In reality, shoppers rarely vaguely browse the internet. Can you ever recall a time when you landed on Google and said: “I don’t know what to search for. Just give me a word!” As internet usage develops and becomes an ever-entrenched part of our lives, the way we are using it becomes more specific.
The reality is that homepage will never disappear completely acting much like a shop window that is the face of the retailer online, but it’s certainly been pushed off centre stage. As more people enter shopping sites ‘sideways’ (via search engines, links they see in emails, through social media and more), retailers are finding their homepage aren’t the starting points they once were. And the explosive growth of mobile devices has pushed retailers into presenting multiple faces to their digital audiences, through a mix of mobile optimised sites, owned-apps and responsive creative. Where we once designed for desktop, it’s almost now an after-thought to mobile-first development.

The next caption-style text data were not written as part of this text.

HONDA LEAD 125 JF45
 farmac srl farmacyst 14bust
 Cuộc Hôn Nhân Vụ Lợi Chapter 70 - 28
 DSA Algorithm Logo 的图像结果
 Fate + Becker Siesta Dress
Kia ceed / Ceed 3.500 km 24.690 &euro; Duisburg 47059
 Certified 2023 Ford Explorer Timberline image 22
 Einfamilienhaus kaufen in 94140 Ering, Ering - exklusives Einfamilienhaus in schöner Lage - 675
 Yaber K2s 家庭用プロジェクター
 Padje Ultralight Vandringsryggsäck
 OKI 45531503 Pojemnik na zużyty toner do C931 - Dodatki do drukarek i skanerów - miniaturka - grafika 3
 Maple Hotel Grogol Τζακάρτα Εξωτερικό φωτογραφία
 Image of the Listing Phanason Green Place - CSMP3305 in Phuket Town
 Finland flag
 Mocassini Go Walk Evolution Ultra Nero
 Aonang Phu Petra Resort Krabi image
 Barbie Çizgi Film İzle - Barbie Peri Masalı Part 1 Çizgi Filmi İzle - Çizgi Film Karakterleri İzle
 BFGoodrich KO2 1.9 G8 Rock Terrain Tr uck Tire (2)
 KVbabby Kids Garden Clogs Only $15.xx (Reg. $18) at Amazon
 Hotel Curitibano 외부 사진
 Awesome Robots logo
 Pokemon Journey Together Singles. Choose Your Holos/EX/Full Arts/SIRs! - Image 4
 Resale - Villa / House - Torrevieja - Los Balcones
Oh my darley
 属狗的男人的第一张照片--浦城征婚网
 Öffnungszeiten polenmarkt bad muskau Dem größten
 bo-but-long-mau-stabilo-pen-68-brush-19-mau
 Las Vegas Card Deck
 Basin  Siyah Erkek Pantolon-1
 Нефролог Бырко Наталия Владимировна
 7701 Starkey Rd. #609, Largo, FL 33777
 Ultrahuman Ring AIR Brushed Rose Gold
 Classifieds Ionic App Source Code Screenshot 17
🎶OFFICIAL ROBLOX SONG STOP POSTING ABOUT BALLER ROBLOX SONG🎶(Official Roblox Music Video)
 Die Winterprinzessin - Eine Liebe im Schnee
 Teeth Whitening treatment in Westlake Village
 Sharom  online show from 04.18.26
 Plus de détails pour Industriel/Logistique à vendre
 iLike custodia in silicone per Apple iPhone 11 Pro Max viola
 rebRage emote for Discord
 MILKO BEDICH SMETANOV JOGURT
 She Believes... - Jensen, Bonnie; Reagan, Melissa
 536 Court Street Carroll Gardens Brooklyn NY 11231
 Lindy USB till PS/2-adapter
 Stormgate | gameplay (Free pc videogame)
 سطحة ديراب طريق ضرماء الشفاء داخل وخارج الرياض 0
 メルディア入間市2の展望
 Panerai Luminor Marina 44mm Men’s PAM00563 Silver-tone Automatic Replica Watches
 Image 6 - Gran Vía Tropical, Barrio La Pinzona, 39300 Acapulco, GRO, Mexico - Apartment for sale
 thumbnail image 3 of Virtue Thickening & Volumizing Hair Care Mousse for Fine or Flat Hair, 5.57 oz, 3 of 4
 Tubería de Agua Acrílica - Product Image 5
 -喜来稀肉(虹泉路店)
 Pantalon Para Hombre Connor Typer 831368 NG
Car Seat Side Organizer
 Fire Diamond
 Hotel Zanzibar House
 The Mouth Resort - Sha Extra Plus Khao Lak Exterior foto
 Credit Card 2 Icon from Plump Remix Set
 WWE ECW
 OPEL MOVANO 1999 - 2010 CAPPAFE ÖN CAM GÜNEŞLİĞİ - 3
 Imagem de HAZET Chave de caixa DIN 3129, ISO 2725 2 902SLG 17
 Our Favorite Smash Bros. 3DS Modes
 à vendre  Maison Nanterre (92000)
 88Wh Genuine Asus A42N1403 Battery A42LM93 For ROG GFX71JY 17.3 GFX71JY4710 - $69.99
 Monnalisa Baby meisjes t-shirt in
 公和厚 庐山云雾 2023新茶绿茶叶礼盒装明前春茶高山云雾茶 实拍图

Where the homepage used to be an incredibly valuable advertising billboard for brands, it’s not quite as useful as it once was. Ultimately, retailers no longer want to direct customers solely to the homepage – at best it is a series of signposts that help shoppers head in the right direction. Instead, we need to refocus on understanding the shopping journey and putting the right content, in the right place, for the right customers.